[Data Boundary: Start]

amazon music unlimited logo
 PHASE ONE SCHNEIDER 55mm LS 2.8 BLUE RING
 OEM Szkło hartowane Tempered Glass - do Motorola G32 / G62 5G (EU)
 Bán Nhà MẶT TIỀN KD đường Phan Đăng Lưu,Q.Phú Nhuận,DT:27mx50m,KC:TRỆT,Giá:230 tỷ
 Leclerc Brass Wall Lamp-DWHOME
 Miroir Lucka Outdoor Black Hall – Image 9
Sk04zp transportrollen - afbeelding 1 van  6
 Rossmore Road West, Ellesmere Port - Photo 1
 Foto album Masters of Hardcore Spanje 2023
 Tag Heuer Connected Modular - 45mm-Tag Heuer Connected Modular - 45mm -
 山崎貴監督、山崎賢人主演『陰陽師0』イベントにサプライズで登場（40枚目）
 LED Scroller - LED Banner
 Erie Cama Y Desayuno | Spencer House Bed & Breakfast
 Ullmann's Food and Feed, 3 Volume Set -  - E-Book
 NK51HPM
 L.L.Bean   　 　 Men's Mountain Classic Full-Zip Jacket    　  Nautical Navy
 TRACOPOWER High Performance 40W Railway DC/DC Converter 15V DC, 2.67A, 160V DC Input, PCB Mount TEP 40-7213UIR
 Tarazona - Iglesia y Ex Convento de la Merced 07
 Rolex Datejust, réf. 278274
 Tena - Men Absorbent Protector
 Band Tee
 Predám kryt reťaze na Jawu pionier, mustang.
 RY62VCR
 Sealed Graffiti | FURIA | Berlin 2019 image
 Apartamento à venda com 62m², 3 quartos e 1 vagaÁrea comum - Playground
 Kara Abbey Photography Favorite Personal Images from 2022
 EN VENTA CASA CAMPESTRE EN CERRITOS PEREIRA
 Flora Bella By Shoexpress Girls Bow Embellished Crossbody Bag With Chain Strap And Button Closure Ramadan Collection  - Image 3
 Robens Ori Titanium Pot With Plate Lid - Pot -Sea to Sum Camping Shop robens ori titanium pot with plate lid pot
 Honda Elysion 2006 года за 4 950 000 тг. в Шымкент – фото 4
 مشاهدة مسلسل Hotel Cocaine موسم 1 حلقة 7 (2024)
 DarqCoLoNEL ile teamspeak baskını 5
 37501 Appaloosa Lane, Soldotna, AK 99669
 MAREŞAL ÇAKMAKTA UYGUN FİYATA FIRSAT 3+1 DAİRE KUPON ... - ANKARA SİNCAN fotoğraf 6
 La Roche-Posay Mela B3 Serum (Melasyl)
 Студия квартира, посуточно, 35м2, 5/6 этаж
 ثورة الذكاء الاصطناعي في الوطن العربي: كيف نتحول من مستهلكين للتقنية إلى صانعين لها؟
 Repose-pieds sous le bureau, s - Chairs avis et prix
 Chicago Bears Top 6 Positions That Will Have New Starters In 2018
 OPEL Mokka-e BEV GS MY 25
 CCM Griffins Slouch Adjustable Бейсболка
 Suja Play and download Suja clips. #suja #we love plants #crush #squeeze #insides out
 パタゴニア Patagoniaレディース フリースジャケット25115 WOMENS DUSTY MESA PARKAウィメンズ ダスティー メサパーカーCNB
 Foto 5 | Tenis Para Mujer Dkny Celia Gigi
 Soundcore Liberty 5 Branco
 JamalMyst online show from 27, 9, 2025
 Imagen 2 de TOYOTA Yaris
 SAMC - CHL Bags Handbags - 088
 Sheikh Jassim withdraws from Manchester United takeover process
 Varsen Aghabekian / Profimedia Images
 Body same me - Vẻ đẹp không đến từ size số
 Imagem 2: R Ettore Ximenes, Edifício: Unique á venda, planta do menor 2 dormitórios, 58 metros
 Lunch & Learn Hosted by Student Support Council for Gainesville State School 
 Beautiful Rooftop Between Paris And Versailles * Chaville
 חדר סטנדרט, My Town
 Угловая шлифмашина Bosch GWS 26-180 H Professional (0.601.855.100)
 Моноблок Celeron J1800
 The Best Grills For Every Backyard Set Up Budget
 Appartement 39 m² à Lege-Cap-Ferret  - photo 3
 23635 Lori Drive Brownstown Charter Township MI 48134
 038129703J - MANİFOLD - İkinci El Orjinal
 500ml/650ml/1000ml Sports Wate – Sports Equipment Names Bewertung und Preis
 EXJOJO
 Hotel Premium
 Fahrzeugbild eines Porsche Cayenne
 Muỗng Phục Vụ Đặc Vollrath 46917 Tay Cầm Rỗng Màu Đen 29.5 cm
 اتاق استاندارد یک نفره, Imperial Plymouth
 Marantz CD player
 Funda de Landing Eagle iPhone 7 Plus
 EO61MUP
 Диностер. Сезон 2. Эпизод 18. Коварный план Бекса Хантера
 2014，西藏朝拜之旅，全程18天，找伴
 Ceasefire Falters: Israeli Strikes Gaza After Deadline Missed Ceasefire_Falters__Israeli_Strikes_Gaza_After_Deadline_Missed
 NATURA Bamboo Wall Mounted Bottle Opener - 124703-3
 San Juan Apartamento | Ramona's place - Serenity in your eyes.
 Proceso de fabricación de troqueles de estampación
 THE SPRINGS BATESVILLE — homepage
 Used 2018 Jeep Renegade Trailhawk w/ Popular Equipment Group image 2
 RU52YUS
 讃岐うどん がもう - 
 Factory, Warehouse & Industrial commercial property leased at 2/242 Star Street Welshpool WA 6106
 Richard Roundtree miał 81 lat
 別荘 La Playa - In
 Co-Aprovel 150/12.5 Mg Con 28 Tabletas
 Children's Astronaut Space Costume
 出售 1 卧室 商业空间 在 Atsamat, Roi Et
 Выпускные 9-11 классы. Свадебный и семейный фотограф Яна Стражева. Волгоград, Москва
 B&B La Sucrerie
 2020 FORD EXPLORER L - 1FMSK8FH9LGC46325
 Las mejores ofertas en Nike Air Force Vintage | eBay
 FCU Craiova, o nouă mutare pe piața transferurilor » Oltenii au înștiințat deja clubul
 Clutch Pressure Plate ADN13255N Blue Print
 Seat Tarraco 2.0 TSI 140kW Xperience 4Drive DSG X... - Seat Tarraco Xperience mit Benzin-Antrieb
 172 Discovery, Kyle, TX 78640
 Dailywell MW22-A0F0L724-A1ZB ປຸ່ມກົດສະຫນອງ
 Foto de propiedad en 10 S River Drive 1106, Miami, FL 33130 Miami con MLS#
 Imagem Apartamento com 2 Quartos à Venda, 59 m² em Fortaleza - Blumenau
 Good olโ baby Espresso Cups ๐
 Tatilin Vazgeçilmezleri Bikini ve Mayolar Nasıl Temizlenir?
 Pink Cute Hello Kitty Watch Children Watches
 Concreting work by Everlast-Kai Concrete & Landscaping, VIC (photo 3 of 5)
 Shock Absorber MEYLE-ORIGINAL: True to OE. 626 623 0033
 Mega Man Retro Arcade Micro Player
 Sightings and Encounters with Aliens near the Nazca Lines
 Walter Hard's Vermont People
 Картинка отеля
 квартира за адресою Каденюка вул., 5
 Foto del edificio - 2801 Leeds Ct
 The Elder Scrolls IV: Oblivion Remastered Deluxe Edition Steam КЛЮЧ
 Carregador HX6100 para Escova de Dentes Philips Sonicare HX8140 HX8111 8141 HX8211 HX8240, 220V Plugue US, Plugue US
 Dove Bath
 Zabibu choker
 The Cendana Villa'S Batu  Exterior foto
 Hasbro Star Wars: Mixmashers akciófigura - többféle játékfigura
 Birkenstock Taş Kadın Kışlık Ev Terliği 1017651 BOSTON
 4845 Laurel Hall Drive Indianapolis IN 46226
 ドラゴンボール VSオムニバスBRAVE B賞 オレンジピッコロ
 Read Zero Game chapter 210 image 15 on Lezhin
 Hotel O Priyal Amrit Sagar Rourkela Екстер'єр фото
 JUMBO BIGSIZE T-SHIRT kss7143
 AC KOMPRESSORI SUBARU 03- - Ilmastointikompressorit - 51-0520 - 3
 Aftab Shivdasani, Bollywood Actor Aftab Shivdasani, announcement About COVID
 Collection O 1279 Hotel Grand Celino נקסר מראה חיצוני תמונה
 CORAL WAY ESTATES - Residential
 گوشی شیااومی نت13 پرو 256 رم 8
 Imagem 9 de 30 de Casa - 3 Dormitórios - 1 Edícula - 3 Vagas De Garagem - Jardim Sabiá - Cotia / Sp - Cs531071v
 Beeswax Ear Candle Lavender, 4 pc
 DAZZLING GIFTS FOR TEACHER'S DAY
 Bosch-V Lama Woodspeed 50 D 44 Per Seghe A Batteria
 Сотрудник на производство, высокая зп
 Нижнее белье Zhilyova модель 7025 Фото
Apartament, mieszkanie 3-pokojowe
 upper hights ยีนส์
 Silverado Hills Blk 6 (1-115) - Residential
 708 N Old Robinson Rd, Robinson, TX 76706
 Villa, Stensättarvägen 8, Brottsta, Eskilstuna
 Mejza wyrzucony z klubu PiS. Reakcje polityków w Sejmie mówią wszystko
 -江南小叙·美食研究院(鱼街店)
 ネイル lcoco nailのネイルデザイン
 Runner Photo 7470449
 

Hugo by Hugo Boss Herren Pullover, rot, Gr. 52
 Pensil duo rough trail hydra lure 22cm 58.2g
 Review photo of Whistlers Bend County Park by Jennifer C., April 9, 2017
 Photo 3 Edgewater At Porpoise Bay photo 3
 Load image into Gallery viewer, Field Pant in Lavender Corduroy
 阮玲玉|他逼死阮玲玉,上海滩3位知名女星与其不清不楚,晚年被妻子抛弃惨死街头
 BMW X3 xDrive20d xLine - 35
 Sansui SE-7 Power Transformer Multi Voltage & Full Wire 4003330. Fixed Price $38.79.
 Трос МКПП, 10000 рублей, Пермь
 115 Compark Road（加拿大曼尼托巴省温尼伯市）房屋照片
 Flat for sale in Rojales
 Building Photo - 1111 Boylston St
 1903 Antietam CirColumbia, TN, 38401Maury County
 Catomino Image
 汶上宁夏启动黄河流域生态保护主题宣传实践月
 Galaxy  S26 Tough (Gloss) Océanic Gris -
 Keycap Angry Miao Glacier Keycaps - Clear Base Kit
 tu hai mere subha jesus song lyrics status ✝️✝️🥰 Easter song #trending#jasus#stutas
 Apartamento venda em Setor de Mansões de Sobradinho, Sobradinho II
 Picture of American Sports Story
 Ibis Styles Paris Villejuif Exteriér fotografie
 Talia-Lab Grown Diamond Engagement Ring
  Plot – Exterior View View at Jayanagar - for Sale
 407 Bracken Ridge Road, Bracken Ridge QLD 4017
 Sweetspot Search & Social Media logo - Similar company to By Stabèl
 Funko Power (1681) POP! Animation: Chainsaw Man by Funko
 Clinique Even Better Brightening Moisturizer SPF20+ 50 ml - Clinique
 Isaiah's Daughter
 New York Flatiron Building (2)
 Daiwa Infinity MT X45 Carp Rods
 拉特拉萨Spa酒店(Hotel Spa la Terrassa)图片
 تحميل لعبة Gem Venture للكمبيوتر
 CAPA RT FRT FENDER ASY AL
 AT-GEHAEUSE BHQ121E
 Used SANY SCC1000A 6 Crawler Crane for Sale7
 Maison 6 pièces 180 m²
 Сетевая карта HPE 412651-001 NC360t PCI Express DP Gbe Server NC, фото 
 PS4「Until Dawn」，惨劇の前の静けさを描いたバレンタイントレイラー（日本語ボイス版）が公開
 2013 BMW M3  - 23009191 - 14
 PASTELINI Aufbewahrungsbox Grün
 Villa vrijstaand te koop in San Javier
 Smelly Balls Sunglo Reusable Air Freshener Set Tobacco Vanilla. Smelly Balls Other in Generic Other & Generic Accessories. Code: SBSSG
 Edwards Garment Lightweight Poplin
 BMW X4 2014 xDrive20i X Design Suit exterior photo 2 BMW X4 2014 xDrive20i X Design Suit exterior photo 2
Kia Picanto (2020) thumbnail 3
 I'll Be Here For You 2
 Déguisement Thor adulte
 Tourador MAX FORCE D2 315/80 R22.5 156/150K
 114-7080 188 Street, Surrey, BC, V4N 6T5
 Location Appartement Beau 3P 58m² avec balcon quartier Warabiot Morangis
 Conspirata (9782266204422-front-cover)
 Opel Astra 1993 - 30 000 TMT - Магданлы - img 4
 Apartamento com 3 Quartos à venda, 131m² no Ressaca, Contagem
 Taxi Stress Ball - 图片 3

[Data Boundary: End]

* **The problem**:
The response must hold only the lines above from the line with "Rolex Datejust, réf. 278274" through the line with "Chicago Bears Top", each copied exactly, both ends kept.

* **Solved problem**:
 Rolex Datejust, réf. 278274
 Tena - Men Absorbent Protector
 Band Tee
 Predám kryt reťaze na Jawu pionier, mustang.
 RY62VCR
 Sealed Graffiti | FURIA | Berlin 2019 image
 Apartamento à venda com 62m², 3 quartos e 1 vagaÁrea comum - Playground
 Kara Abbey Photography Favorite Personal Images from 2022
 EN VENTA CASA CAMPESTRE EN CERRITOS PEREIRA
 Flora Bella By Shoexpress Girls Bow Embellished Crossbody Bag With Chain Strap And Button Closure Ramadan Collection  - Image 3
 Robens Ori Titanium Pot With Plate Lid - Pot -Sea to Sum Camping Shop robens ori titanium pot with plate lid pot
 Honda Elysion 2006 года за 4 950 000 тг. в Шымкент – фото 4
 مشاهدة مسلسل Hotel Cocaine موسم 1 حلقة 7 (2024)
 DarqCoLoNEL ile teamspeak baskını 5
 37501 Appaloosa Lane, Soldotna, AK 99669
 MAREŞAL ÇAKMAKTA UYGUN FİYATA FIRSAT 3+1 DAİRE KUPON ... - ANKARA SİNCAN fotoğraf 6
 La Roche-Posay Mela B3 Serum (Melasyl)
 Студия квартира, посуточно, 35м2, 5/6 этаж
 ثورة الذكاء الاصطناعي في الوطن العربي: كيف نتحول من مستهلكين للتقنية إلى صانعين لها؟
 Repose-pieds sous le bureau, s - Chairs avis et prix
 Chicago Bears Top 6 Positions That Will Have New Starters In 2018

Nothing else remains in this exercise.